* **Instructions for the task**:
Among the entries below, retype exactly the lines starting with the one with "抽象芸術ブラックイエローグレーシームレス花柄 ミディアムペーパーバッグ (裏面アングル)" and going on through the one with "Makeup Vanity Desk", but not the pictures.

Information shown Start Marker

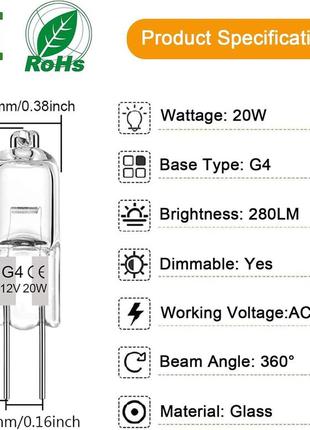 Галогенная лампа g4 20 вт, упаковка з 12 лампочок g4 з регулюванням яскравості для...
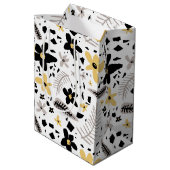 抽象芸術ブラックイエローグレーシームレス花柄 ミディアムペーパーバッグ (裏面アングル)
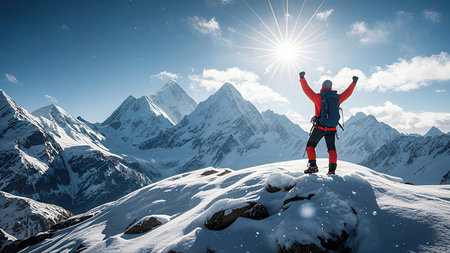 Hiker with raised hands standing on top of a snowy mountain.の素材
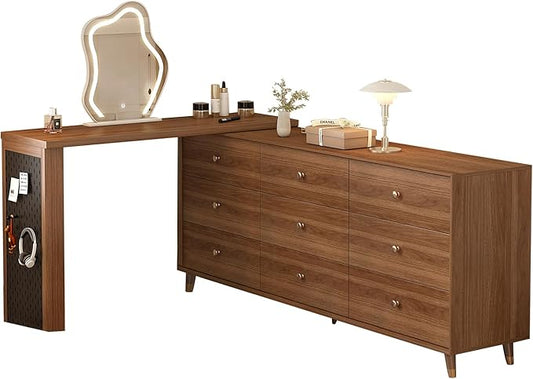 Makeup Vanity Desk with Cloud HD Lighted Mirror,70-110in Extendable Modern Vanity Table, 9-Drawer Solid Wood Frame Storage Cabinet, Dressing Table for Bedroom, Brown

Information shown End Marker
Information shown Start Marker

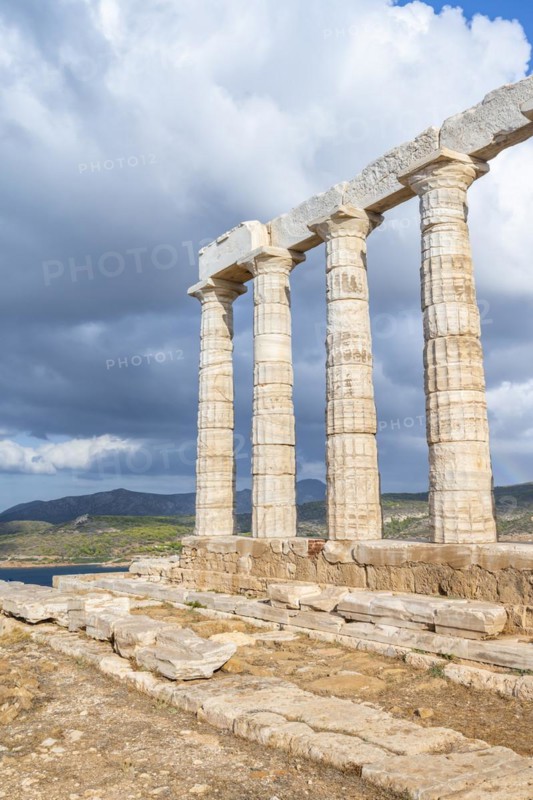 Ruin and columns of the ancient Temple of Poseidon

Information shown End Marker

* **Result of this task**:
 抽象芸術ブラックイエローグレーシームレス花柄 ミディアムペーパーバッグ (裏面アングル)
 Hiker with raised hands standing on top of a snowy mountain.の素材
 Makeup Vanity Desk with Cloud HD Lighted Mirror,70-110in Extendable Modern Vanity Table, 9-Drawer Solid Wood Frame Storage Cabinet, Dressing Table for Bedroom, Brown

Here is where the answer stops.